Please output exactly the lines below, starting at the line that has "Vintage Sarah Coventry" and ending at the line that has "Pet Cooling Mats", both included; leave out all pictures and include nothing else.

**Supplied material**
|---|
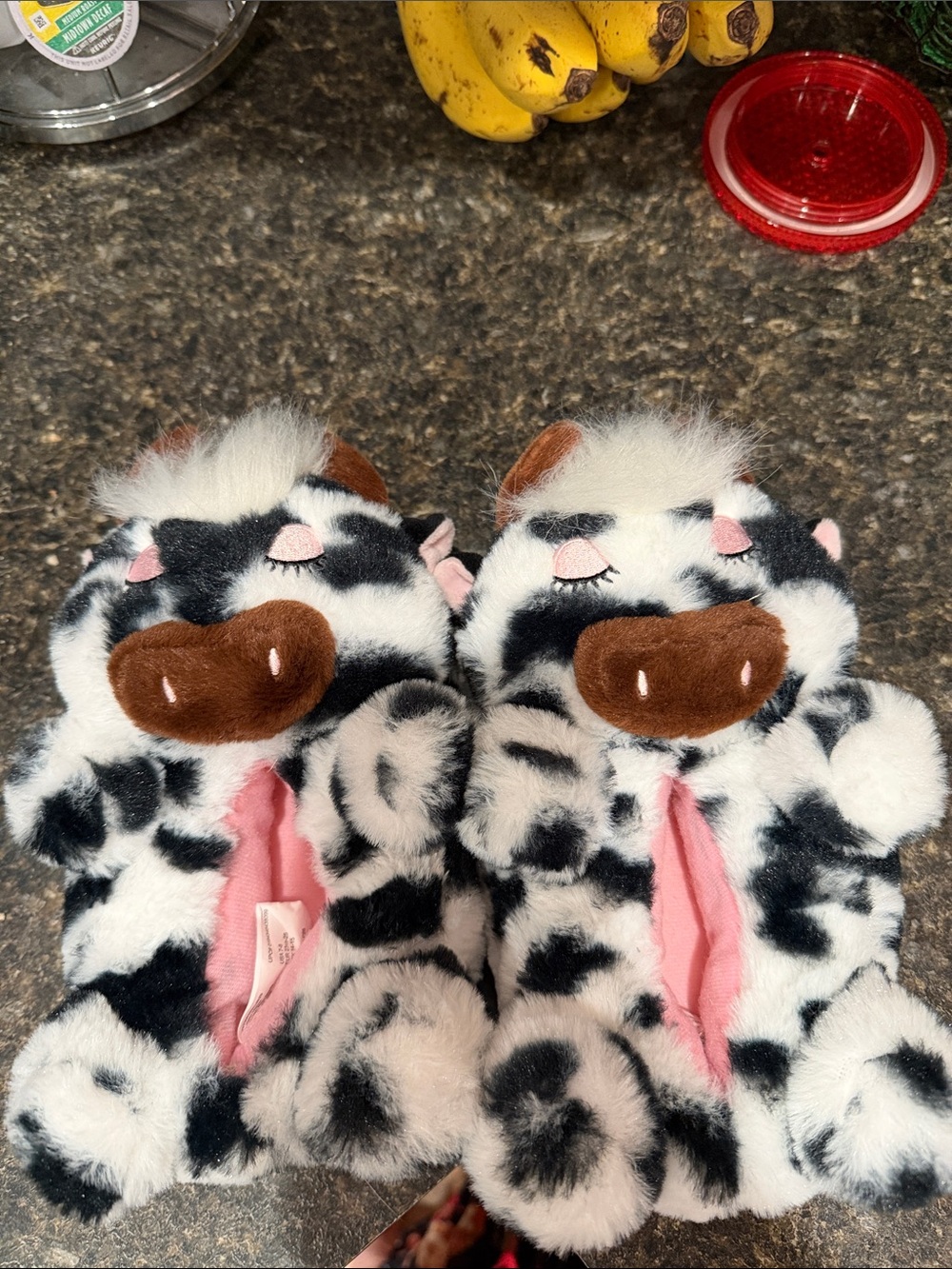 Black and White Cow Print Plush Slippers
|---|
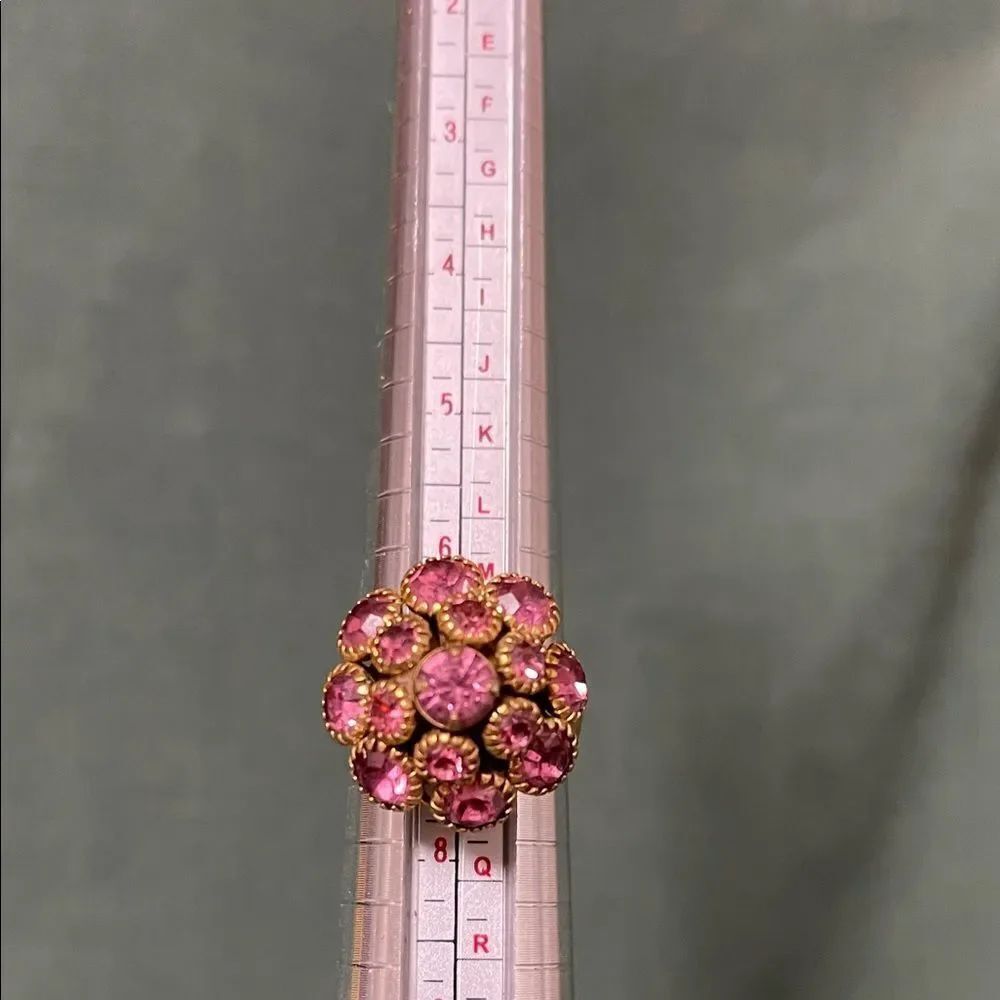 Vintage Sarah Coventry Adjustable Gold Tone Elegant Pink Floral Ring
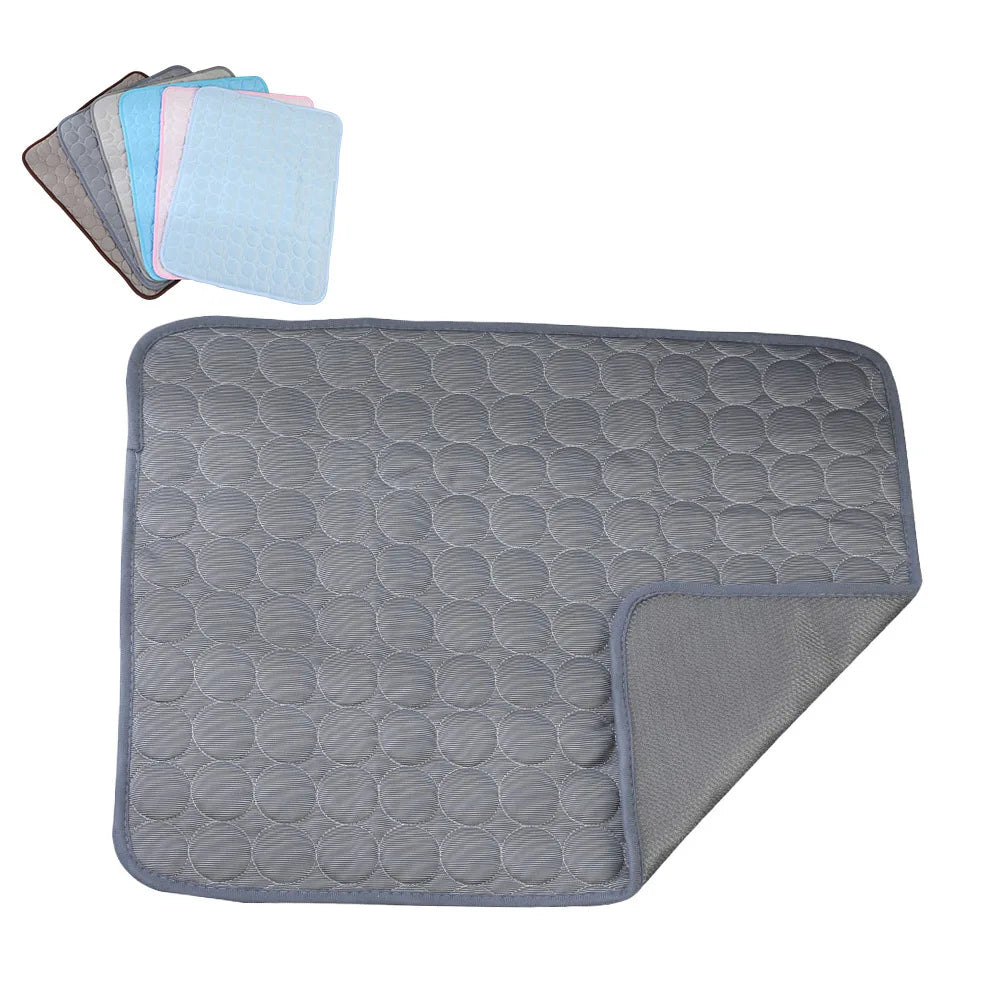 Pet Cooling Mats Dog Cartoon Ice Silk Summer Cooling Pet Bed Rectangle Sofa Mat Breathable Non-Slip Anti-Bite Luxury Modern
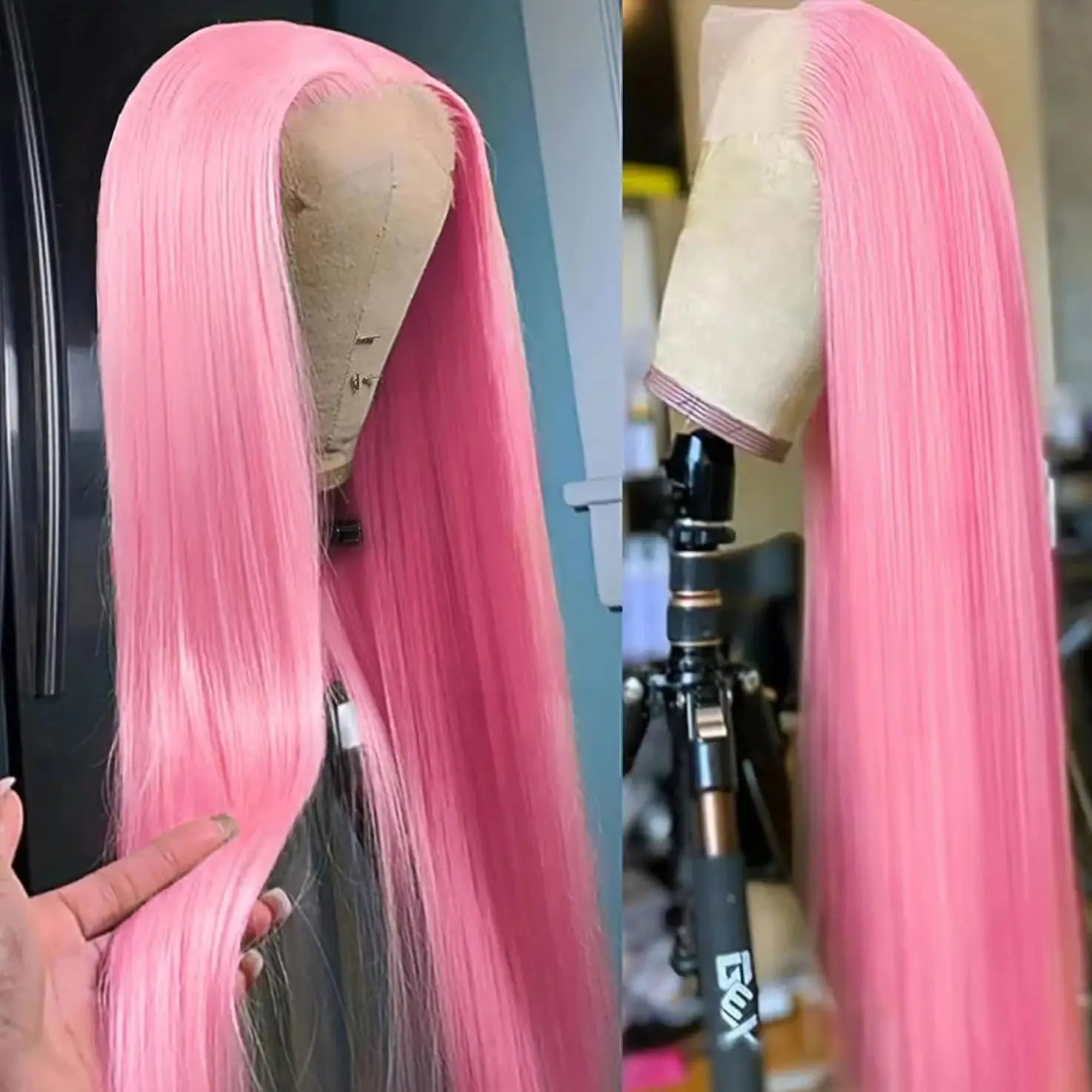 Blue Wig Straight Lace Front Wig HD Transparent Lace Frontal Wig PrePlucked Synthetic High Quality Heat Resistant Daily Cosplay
|---|
**Worked solution**
 Vintage Sarah Coventry Adjustable Gold Tone Elegant Pink Floral Ring
 Pet Cooling Mats Dog Cartoon Ice Silk Summer Cooling Pet Bed Rectangle Sofa Mat Breathable Non-Slip Anti-Bite Luxury Modern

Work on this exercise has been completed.